§ **ACTIVITY**: Lines with the word "Autumn" are the answer; copy each of them from the data below.

Short text fragments from websites
━━━━

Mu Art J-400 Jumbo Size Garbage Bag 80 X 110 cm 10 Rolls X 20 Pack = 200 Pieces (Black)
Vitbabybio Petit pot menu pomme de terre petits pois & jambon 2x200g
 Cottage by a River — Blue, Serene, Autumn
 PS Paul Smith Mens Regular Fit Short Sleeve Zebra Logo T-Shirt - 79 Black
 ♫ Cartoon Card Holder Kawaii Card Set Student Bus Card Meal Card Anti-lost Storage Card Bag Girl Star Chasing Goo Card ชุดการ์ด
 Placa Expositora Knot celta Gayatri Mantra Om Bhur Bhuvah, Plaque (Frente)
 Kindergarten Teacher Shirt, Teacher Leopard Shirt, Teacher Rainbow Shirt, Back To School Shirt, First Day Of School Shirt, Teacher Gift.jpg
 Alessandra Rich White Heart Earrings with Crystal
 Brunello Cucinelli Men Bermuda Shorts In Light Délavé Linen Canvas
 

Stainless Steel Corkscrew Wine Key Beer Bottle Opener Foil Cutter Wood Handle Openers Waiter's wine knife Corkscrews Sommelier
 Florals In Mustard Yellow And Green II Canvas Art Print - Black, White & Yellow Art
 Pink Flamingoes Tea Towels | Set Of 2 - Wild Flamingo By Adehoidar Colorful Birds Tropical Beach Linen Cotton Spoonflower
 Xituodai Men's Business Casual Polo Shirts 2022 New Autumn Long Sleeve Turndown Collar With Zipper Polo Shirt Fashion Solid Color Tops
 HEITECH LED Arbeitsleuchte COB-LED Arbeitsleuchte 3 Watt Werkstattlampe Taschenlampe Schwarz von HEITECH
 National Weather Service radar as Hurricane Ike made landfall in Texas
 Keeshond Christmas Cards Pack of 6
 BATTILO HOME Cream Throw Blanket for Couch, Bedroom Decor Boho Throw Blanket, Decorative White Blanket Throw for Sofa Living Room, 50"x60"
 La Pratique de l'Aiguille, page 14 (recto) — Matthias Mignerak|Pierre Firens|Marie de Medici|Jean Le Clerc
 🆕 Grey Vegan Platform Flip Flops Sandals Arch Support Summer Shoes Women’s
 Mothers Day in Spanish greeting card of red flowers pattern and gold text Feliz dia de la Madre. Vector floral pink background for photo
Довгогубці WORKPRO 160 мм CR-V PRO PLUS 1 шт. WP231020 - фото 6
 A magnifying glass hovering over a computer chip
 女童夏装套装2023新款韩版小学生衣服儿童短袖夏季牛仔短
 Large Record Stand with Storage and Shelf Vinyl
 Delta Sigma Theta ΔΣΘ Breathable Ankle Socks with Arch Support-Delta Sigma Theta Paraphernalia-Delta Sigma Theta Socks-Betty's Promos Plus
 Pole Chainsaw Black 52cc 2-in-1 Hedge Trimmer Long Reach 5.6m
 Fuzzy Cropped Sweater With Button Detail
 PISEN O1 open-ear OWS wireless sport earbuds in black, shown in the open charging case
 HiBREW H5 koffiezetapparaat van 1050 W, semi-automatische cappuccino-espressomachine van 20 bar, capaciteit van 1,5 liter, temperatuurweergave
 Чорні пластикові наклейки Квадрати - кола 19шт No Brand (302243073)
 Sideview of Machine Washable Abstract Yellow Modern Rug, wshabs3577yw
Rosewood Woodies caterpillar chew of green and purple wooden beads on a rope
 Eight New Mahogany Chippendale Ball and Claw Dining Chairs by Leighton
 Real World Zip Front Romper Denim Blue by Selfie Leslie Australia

━━━━

§ **RESPONSE BOX**:
 Cottage by a River — Blue, Serene, Autumn
 Xituodai Men's Business Casual Polo Shirts 2022 New Autumn Long Sleeve Turndown Collar With Zipper Polo Shirt Fashion Solid Color Tops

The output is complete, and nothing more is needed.